スタートアップ企業に出資をするベンチャーキャピタル=投資会社のビジネスモデルは、将来有望な企業に出資をして、株式を買う。上場したら、その株価が大幅に上昇するので、売却をして利益を得るというものだ。

ところが、国内A株は、上場後の売却禁止期間が長い。発行企業は12ヶ月は株式を売却することができず、株主も12ヶ月以内は5%、24ヶ月以内は10%までしか売却をすることができない。

テック企業は変化が激しいので、投資会社としては上場をしたら、さっさと株式を売却して、別のスタートアップ企業に投資をして、育てていきたい。しかし、国内A株ではその動きが遅くなるため、投資会社や投資家が、国内上場にいい顔をしない。

 

国際的な認知度を得ることができる

さらに米国で上場するということは、米国市場に対する知名度、信用度があがり、米国での事業を可能にする道も見えてくる。

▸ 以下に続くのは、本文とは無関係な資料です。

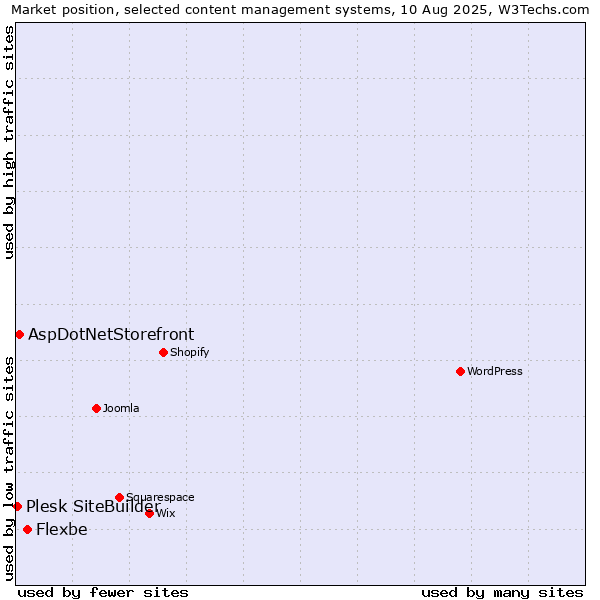 Market position of Flexbe vs. AspDotNetStorefront vs. Plesk SiteBuilder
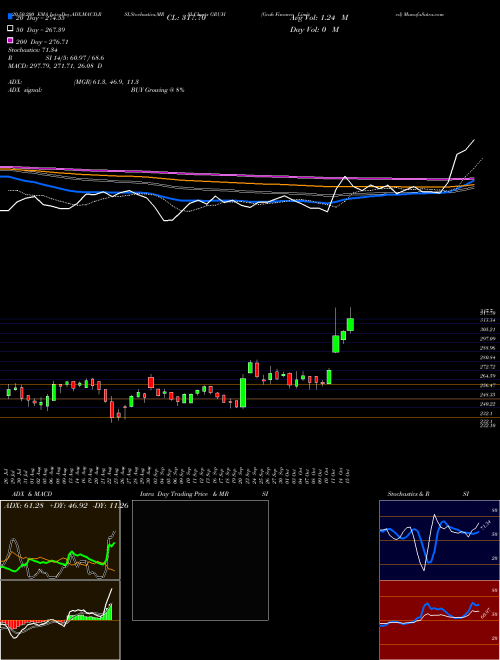 Gruh Finance Limited GRUH Support Resistance charts Gruh Finance Limited GRUH NSE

このようなことから、テック企業の多くが米国で上場をする。中国の株式市場は、いわば古い仕組みのまま改革が進んでいないということだ。中国のテック企業が驚異的な成長ができた裏には、ナスダック市場などに上場ができたということも大きく影響している。

中国政府としては、テック企業が米国市場に上場をして、海外の資金を中国に流入させることができ、都合がいいと考えているのかもしれない。国内株式市場は、明らかに国営企業のような古い体質の企業向けに設計されたまま、改善されていく様子がない。しかし、事業を国際展開している中国テック企業はそうは多くなく、テンセントとバイトダンスを除けば、多くの企業が国内市場を対象に事業を行なっている。テック企業が米国市場に上場をするということは、中国で生まれた利益が海外の投資家に配当されるということでもある。

中国のテック企業も、成熟をし始めて、収穫の時期に入っている。今後、中国の株式市場の改革が行われる時期がやってくるかもしれない。